Maybe that’s why so many British fans have run for their pitchforks?

Liew cut to the heart of the matter in my eyes – the sport is not suited to TV and despite positive attempts to spread the word of GB’s recent trip to Latvia; the vast majority of the British public remain largely ignorant of the sport – and an over eagerness by some to educate can often lead to a ridiculously defensive stance in the face of criticism.

What I am implying here is that any perceived slight against the sport in the UK seems to be met with a severe reaction. Liew has seen that first hand. And it is, frankly, embarrassing.

Ice hockey is a poor television sport. Anyone who tries to tell you otherwise needs their head checked (no pun intended). It is poor even at the highest level. The speed of the game and the energy of being in the arena do not transfer well to the small screen. Even for the educated it can make for tedious viewing.

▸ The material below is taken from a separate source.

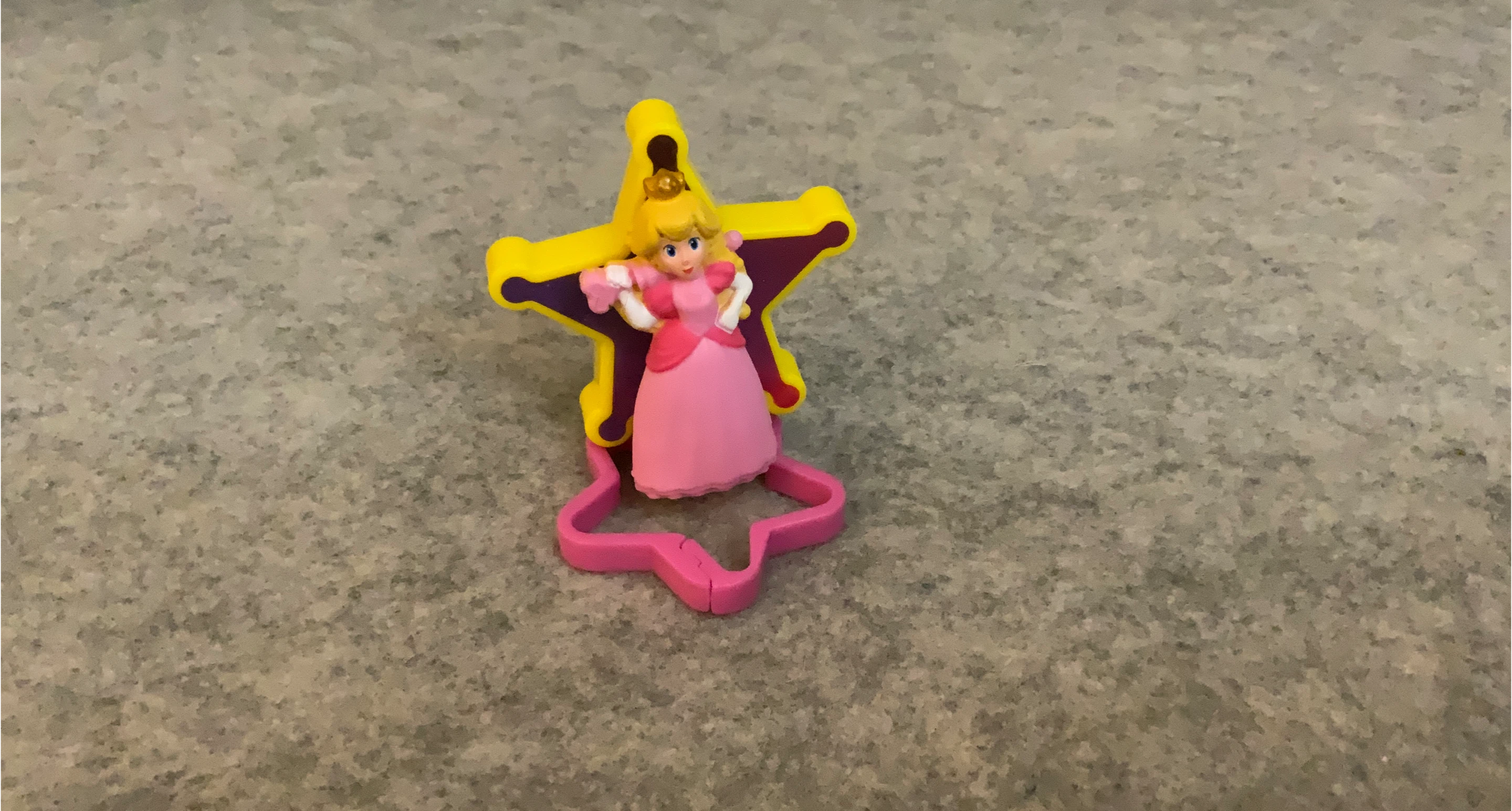 Princess Peach with Star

For those who are not well versed in the rules and common events a game brings, it can be doubly confusing. The ‘initiated’ have a certain degree of ability to read a play. A skill which helps us all follow the action, no matter how frantic. A skill which transfers to the small screen.

We know the rules. We understand the lingo, the clichés and the subtle nuances.

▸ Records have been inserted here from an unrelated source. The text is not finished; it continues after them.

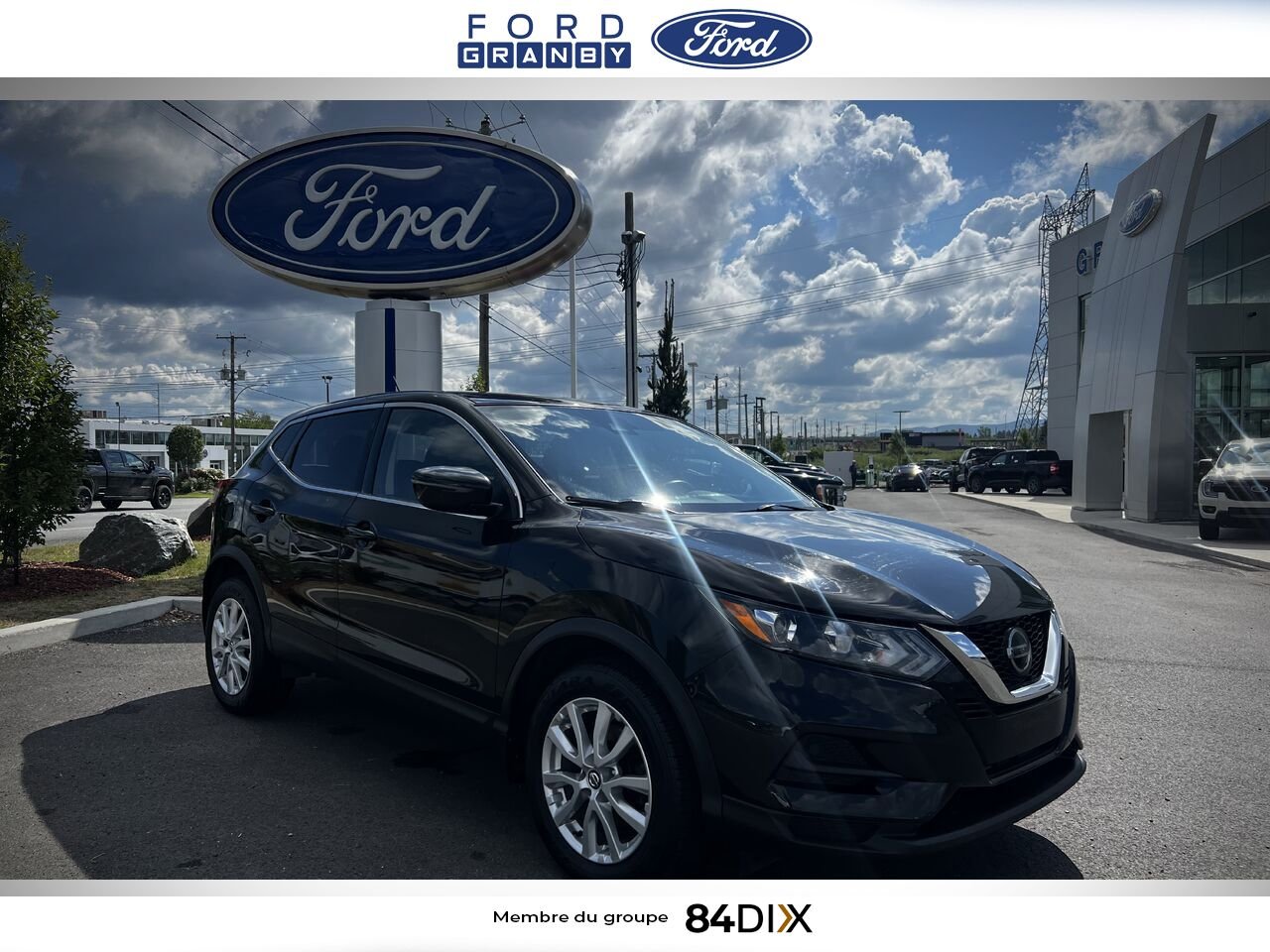 Nissan Qashqai 2020 Noir Granby - photo #0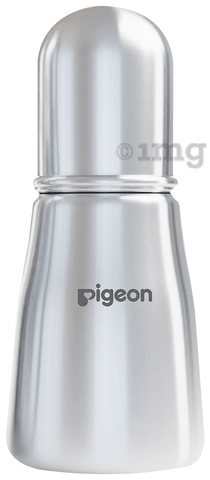 Pigeon steel feeding discount bottle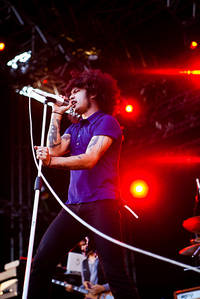 2009-07-02 - The Mars Volta från Arvikafestivalen, Arvika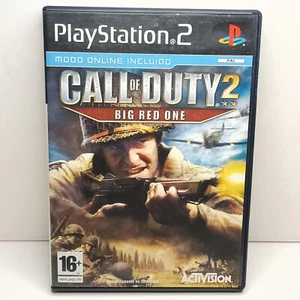 PS2 - SONY PLAYSTATION 2 - CALL OF DUTY 2 BIG RED ONE - PAL ESPAÑA - Imagen 1 de 2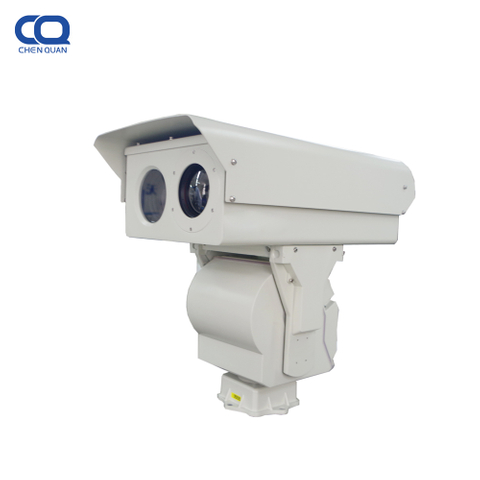 640X512 электрическая 5X камера Sueveillance PTZ безопасности железной дороги термальная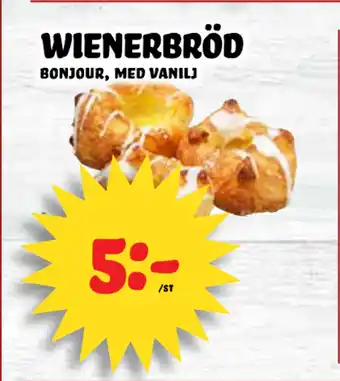 Nelins Wienerbröd erbjuda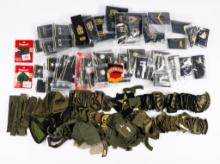 Approx. 250 Military Patches & Shoulder Marks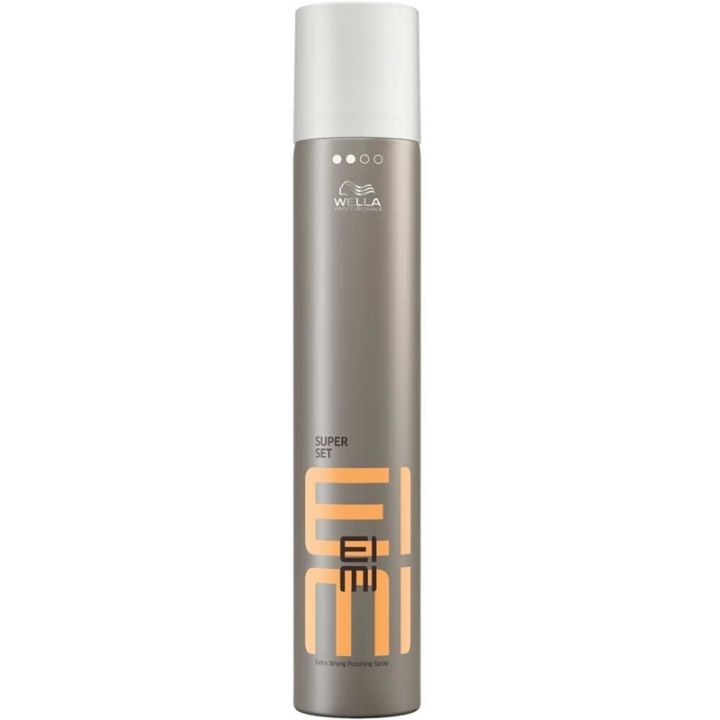 Wella EIMI Super Set Extra Strong Finishing Spray 300ml in de groep BEAUTY & HEALTH / Haar & Styling / Hair styling / Haarlak bij TP E-commerce Nordic AB (38-67961)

All of which seem to have been forgotten here.

Being a ‘professional journalist’ means Liew should some how know more than your average man on the street about the sport. That his off the cuff piece should have somehow been an in depth factual analysis of the game in Britain today.

But why? This wasn’t a fact finding mission – it was a commentary. An opinion piece. A reflection of a mans experience.

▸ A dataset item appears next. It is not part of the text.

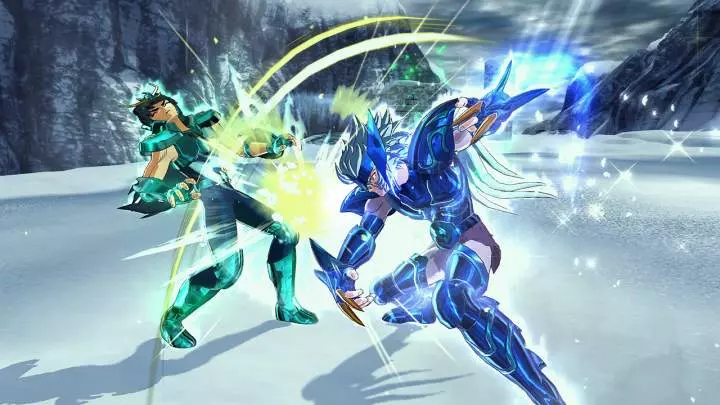 Saint Seiya Soldiers' Soul - PC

Why is the onus on him to learn? And not the sport to educate?

Surely someone at a production meeting should have flagged something up along the lines of “This isn’t really a hockey country, how can we make it as accessible as possible?”.

I’m not talking dumbing it right down and patronising the existing fan base, but by lamenting people like Liew we simply serve to close the door on those not familiar with the sport and alienate potential new fans.

This bizarre elitism is only furthered by the playground attempts to ‘confront’ Liew; then the foot stamping when he dares to reply in a tongue in cheek manner. At times he has even been condescending – and I can’t say that I blame him given some of the ridiculous tweets he has received.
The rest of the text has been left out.